REQUIREMENT:
The required output is the exact run of lines in the listing below from the line holding "tommy hilfiger春夏新款汤米女装时尚三拼色百搭圆领短袖t恤集c" through the line holding "Girls' Lace Collar", with no pictures.

EXTRACTED MATERIAL:
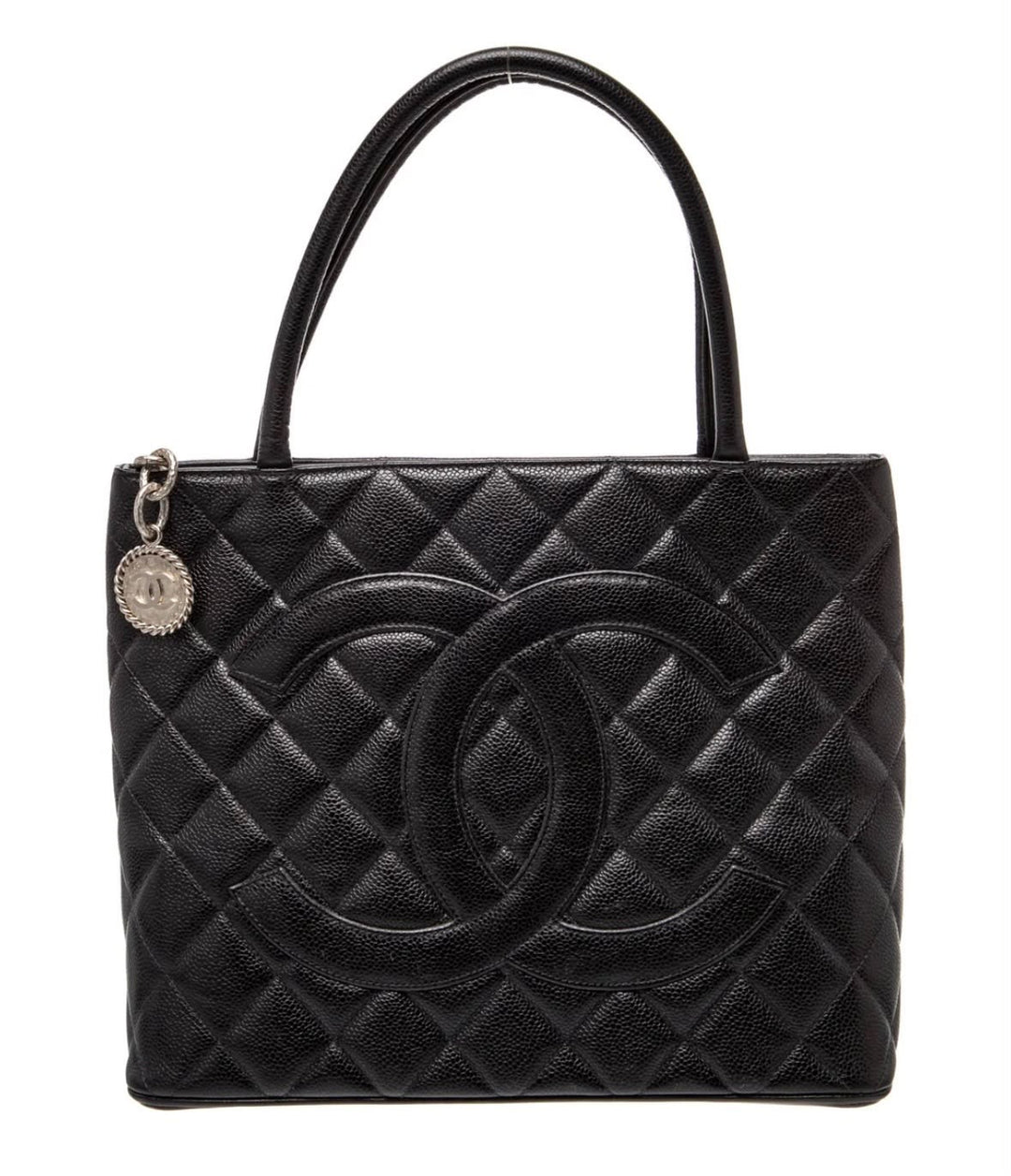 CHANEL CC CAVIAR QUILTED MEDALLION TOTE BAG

==

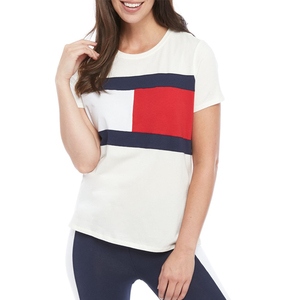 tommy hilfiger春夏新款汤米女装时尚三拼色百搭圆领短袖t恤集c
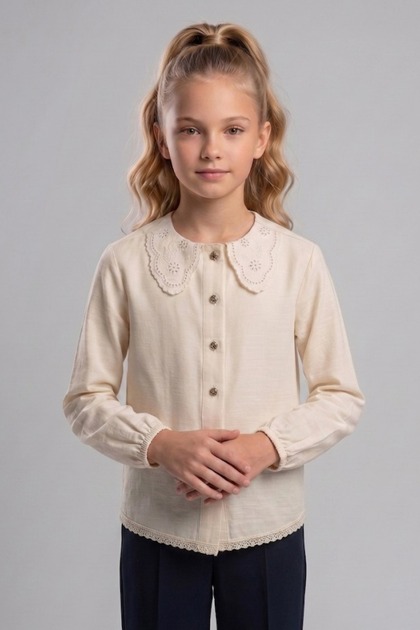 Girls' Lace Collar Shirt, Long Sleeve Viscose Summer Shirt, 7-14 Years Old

==

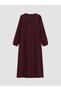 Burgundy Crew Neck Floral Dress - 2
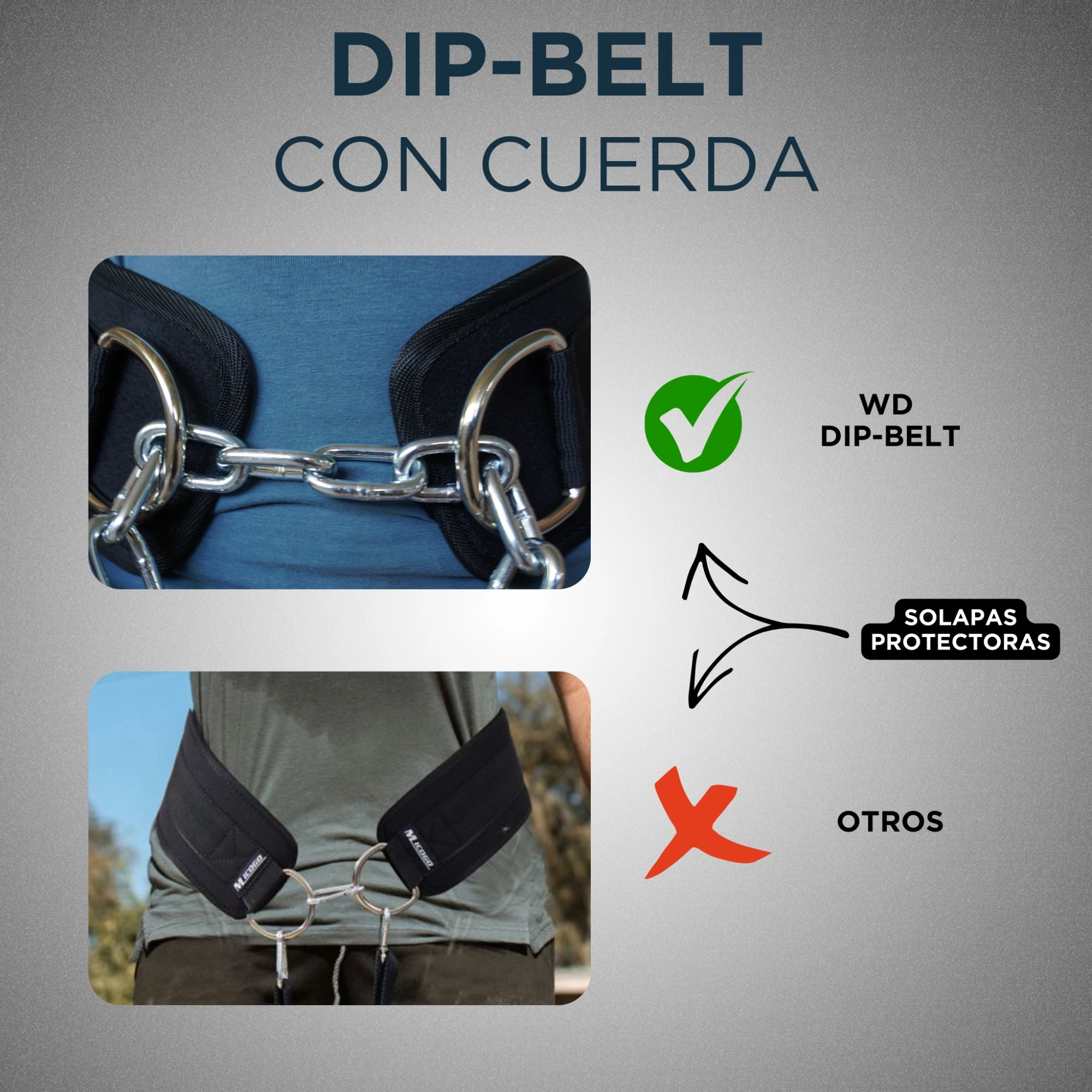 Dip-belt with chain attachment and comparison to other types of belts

ANSWER BELOW:
 tommy hilfiger春夏新款汤米女装时尚三拼色百搭圆领短袖t恤集c
 Girls' Lace Collar Shirt, Long Sleeve Viscose Summer Shirt, 7-14 Years Old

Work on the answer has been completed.